*** Opening of Supplied information ***
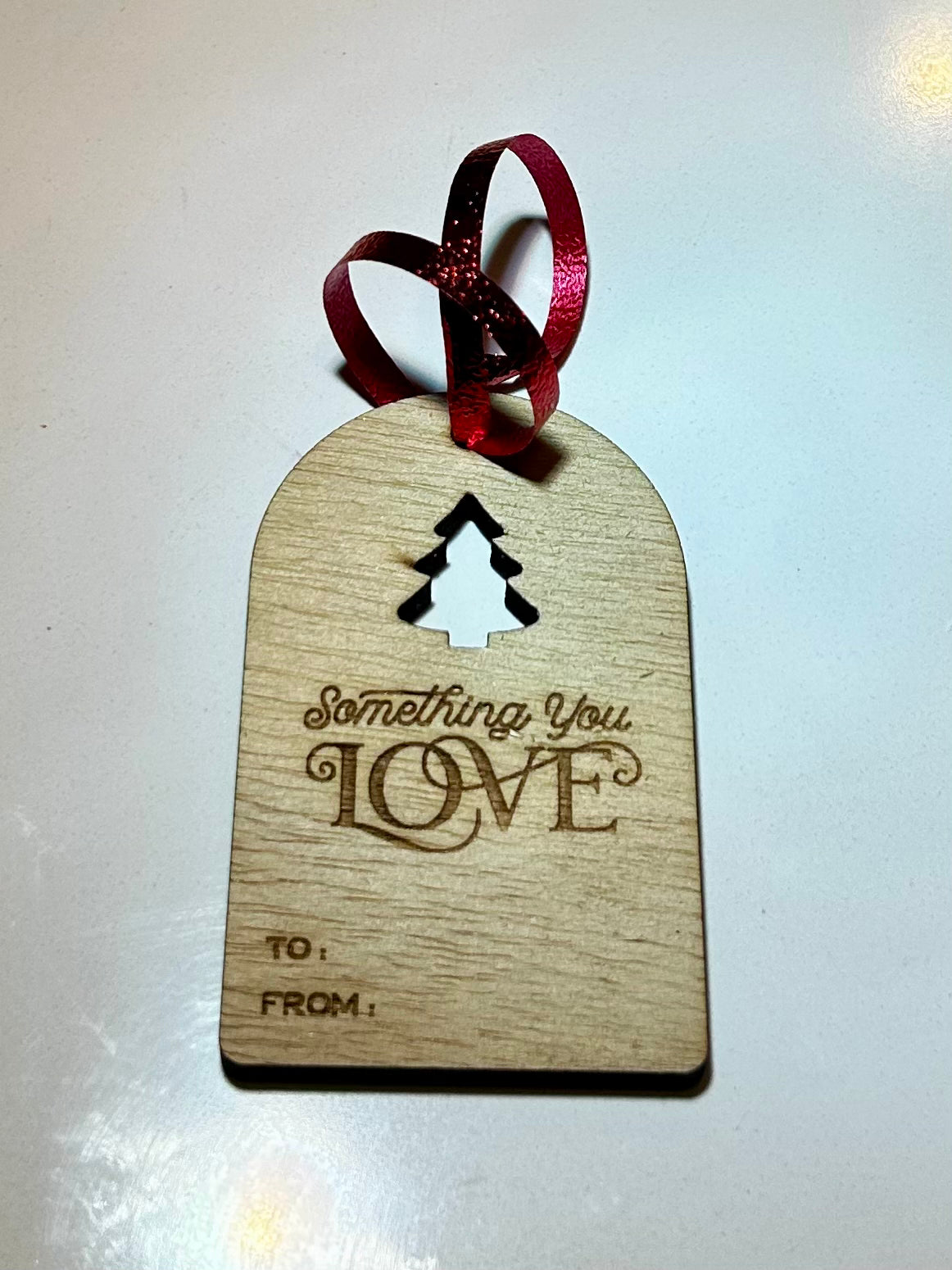 Engraved Wooden Gift Tags Set of 8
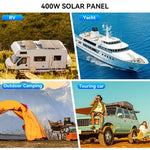 panneau solaire noir cellules solaires carrées industrielle technologie conversion énergie camping caravane maisonextérieur fixations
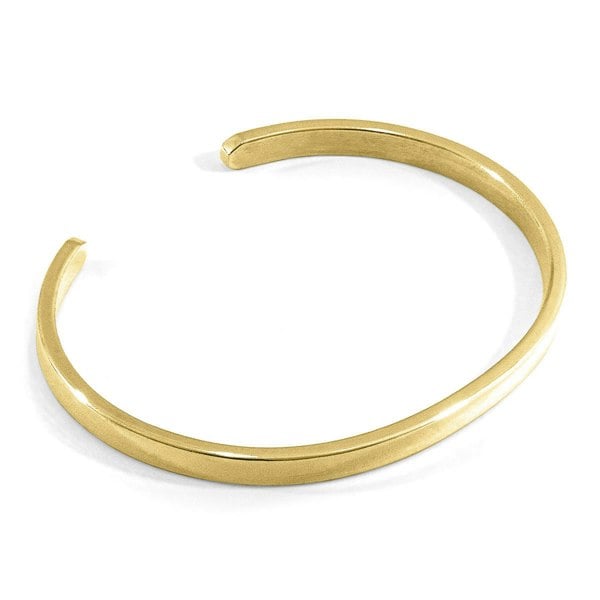 Anchor & Crew Reynolds Element Midi Geometric 9ct Yellow Gold Bangle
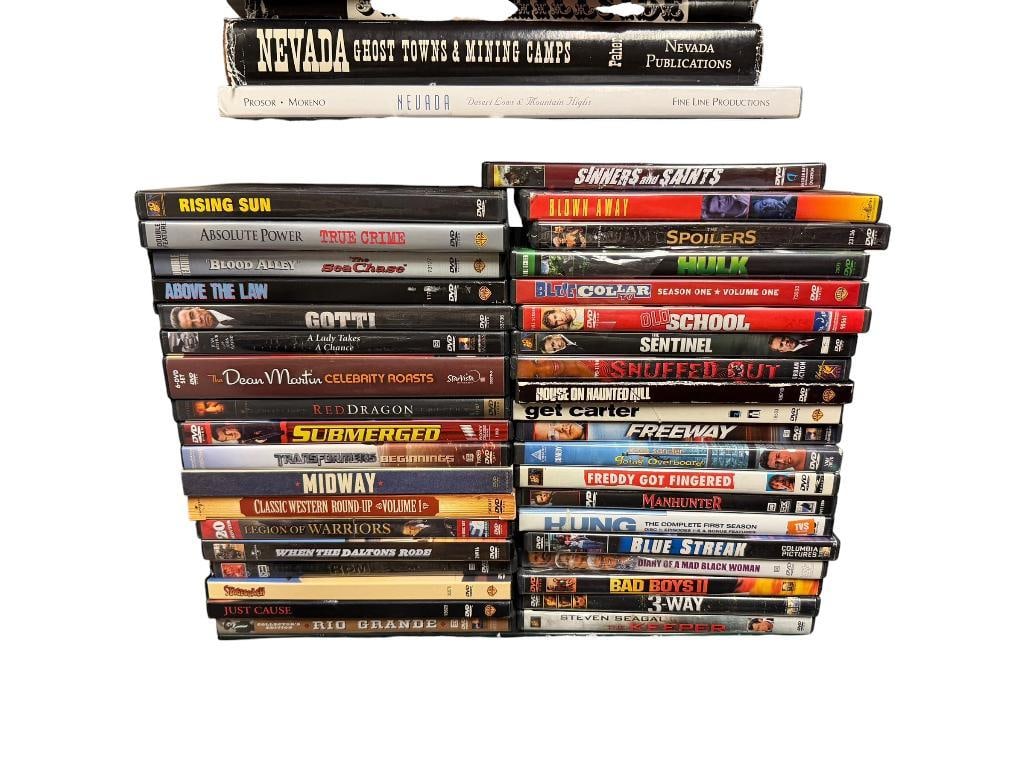 40 ASSORTED DVD MOVIES FEATURING VARIOUS TITLES: SEE PHOTOS FOR TITLES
*** Close of Supplied information ***
= What to produce =
Exclude the images and output the lines above exactly.

= Your response =
 Engraved Wooden Gift Tags Set of 8
 panneau solaire noir cellules solaires carrées industrielle technologie conversion énergie camping caravane maisonextérieur fixations
 Anchor & Crew Reynolds Element Midi Geometric 9ct Yellow Gold Bangle
 40 ASSORTED DVD MOVIES FEATURING VARIOUS TITLES: SEE PHOTOS FOR TITLES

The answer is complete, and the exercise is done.